Re: Schema boggle...

From: Greg Stark <gsstark(at)mit(dot)edu>
To: pgsql-hackers(at)postgresql(dot)org
Subject: Re: Schema boggle...
Date: 2003-11-06 05:34:04
Message-ID: 87ad7a12nn.fsf@stark.dyndns.tv
Views: Raw Message | Whole Thread | Download mbox | Resend email
Thread:
Lists: pgsql-hackers pgsql-sql


"Marc G. Fournier" <scrappy(at)postgresql(dot)org> writes:

> Actually, the use of schema's was my idea, to speed up some dreadfully
> slow queries dealing with traffic stats from a table that was growing
> painfully monolithic ... the idea is/was that it would be easier to
> backup/remove all data pertaining to a specific client if they decided to
> close their account ...

I would add an <aol> me too </aol> to the comment that this is a horrible idea
and will be an enormous pain.
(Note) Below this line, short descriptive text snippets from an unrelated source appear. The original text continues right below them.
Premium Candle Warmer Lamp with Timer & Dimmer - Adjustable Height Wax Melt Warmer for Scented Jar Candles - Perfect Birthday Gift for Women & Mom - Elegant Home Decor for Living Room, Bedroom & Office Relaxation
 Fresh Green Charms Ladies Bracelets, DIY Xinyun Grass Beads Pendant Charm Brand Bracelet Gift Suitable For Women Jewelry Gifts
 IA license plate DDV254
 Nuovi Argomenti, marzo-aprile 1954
You're denormalizing your data in a way that
will cause you great pain.

What you're trying to implement is called "partitioned tables". And you're
right, bulk loading and deleting is one of the big advantages of partitioned
tables. But Postgres doesn't support partitioned tables, so trying to roll
your own is hard.

Using schemas seems like a bad impedance match here too, as you've found out
with the search_path. Inherited tables is a closer match, still a lot of
things won't be automatic, and primary keys may be a problem.

But what most people use as the closest approximation to partitioned tables in
Postgres is partial indexes. It lets you keep your indexes to a reasonable
size but still accelerate the poor-selectivity client_id column in parallel.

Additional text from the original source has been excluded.